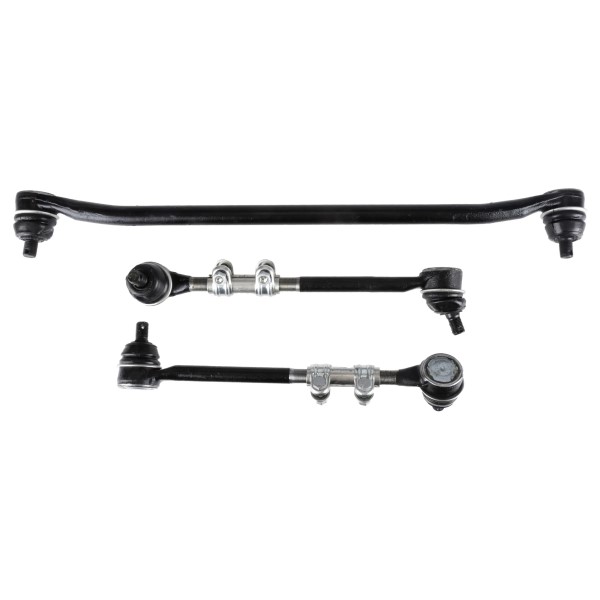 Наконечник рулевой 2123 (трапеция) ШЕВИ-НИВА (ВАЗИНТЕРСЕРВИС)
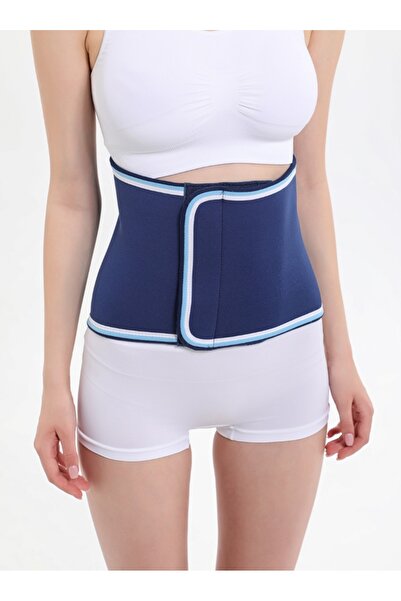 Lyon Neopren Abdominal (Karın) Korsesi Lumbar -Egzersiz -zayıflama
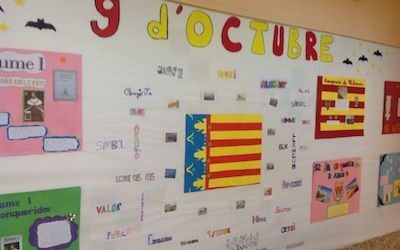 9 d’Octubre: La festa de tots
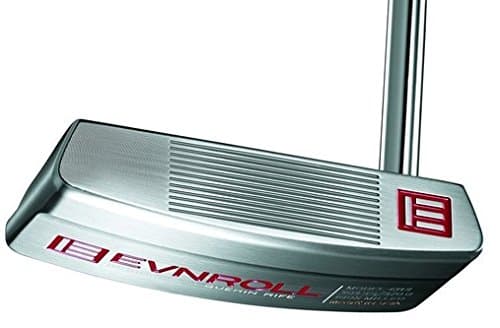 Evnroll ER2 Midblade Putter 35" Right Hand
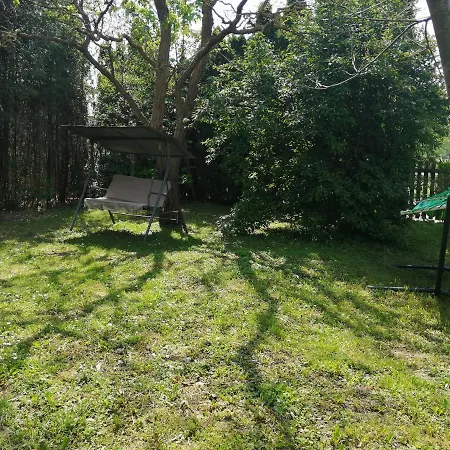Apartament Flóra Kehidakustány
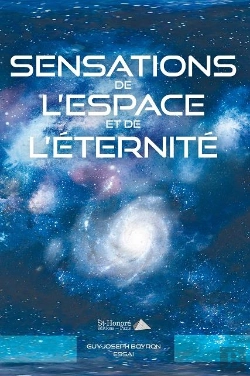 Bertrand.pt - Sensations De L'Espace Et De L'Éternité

--------------------------------------------------

Task item: Drop the images and return the data verbatim.

Exercise solution:
 Наконечник рулевой 2123 (трапеция) ШЕВИ-НИВА (ВАЗИНТЕРСЕРВИС)
 Lyon Neopren Abdominal (Karın) Korsesi Lumbar -Egzersiz -zayıflama
 9 d’Octubre: La festa de tots
 Evnroll ER2 Midblade Putter 35" Right Hand
Apartament Flóra Kehidakustány
 Bertrand.pt - Sensations De L'Espace Et De L'Éternité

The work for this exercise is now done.